For Putin, the former analyst represents the bad conscience of the United States.
A few days ago, the Pulitzer Prize was awarded to the Washington Post and The Guardian for their publication of materials on the U.S. telecommunications espionage, leaked by Edward Snowden, former analyst of the National Security Agency. Out of every Pulitzer category, it was the most treasured — the one that rewards services provided to society. In his Russian refuge, Snowden, who has been accused of espionage and treason, could have interpreted the news as what “made” him: Even though it is indirect, this award recognizes the services he has provided to his country and the world.
Three days after the Pulitzer ceremony, President Vladimir Putin gave his annual television appearance. Over the course of four hours, he answered the questions of his people, and Snowden appeared among the Russians. Ukraine was the central topic. The first questions came from Sebastopol, from the commander of the Black Sea fleet and the commander of the anti-riot troops in Crimea. A group of retired men wanted to know what fate would govern their pensions, if Europe refused to buy Russian gas.
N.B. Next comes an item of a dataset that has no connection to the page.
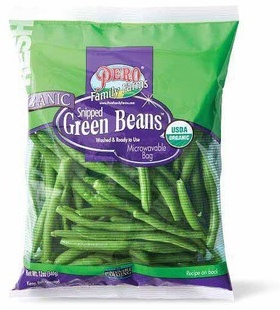 Pero Family Farms Organic Green Beans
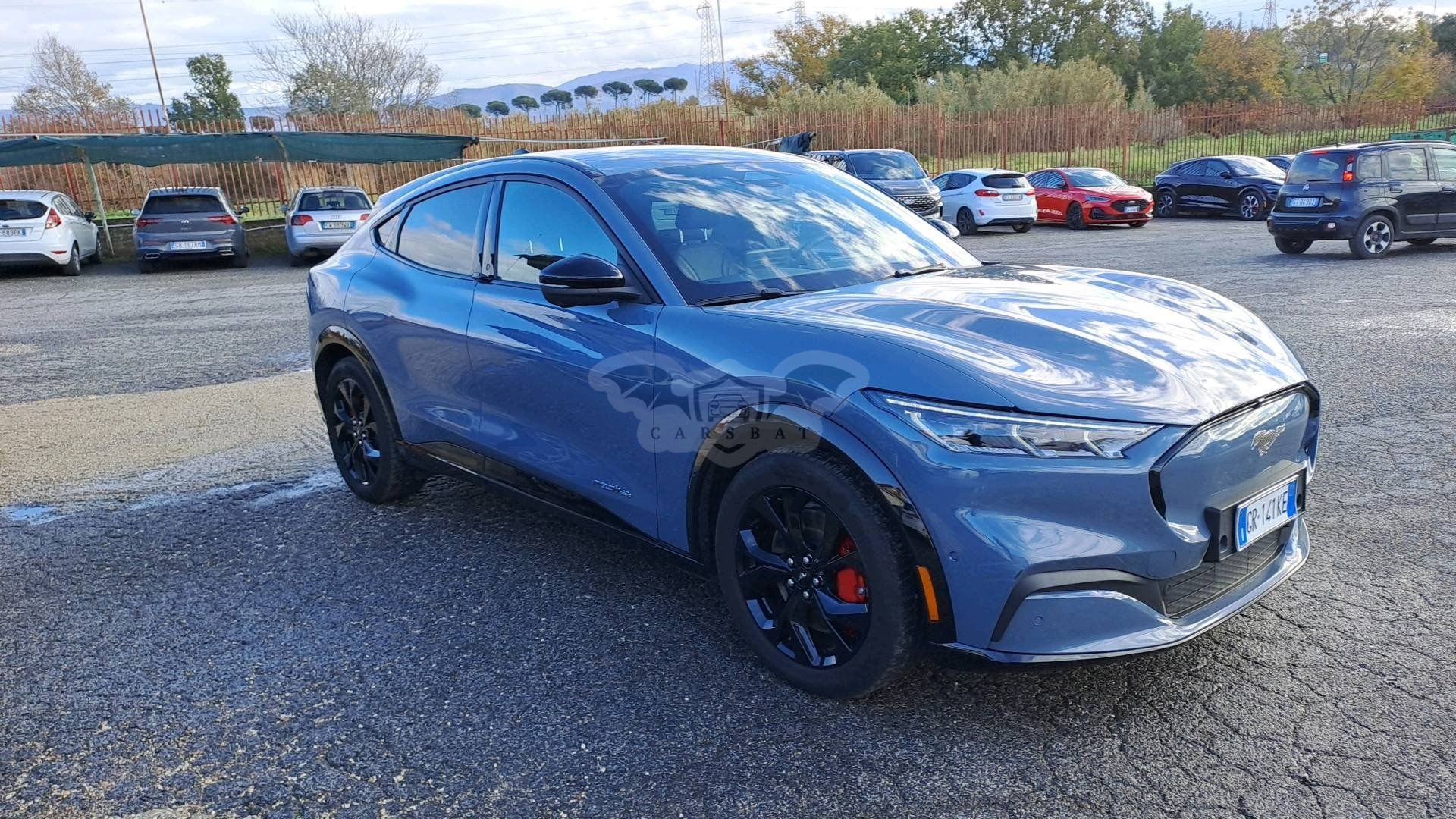 Ford Mustang Mach-E Premium 2023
The questions surrounding the invasion of Ukraine emerged one after the other.
The Russian president received questions about his favorite brand of vodka, which city he would like to live in, and his favorite movie. A six-year-old girl asked him if Barack Obama would save him if he were drowning. When it was his turn, Edward Snowden asked him if Russia intercepted, stored and analyzed the data of millions of its citizens, and moreover, if the president considered it right and justifiable to have control in this area.
The question and the questioner had the same spontaneity as the little girls who were handing out flowers to the dignitaries at the official Soviet formal. Snowden was handing Putin a bunch of opportunities, and the president knew to seize them all. To begin with, he put the man who questioned him in his place. “Dear Mr. Snowden, you are a former agent,” he said. And he took advantage of the occasion to make the people believe that his relationship with espionage had come to an end. “I used to work for an intelligence service.” And given both of their pasts, he proposed to Snowden that they speak on professional terms.
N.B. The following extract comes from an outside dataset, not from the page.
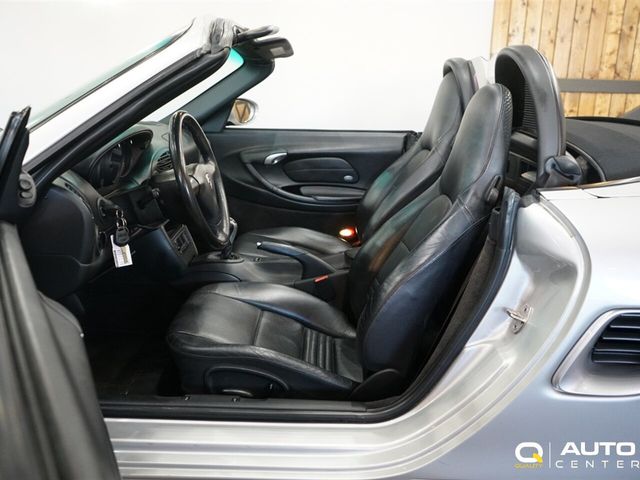 2001 Porsche Boxster 2dr Roadster 5-Speed Manual - 23044313 - 18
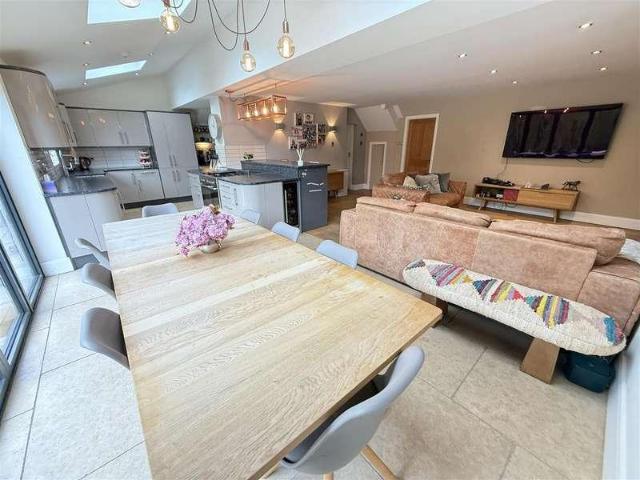 House for sale in Heswall, Wirral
Did this warning mean that they will be moving away from public discussion to speak in a code that is only decipherable to the two of them? What followed in his speech did not require experience in espionage to be understood. It brought to mind that [his mention of] his past membership in the secret service was only to make it clear that he knew that world from the inside. He answered Snowden by saying that in Russia, you needed a court order before putting an individual under surveillance. Therefore, an immense espionage system did not exist. He thanked God that the secret services were under the control of the state and society.
Edward Snowden did not have the right to counter-question. A day later, he decided to respond to The Guardian, which criticized him for appearing at that speech. He considered it a valid occasion because he had achieved the most negative response by a Russian leader to a question about immense espionage. Now, we must wait and see if society and journalists can take the issue further. He was sure that in the agenda of the coming year, Putin would receive other questions on the subject.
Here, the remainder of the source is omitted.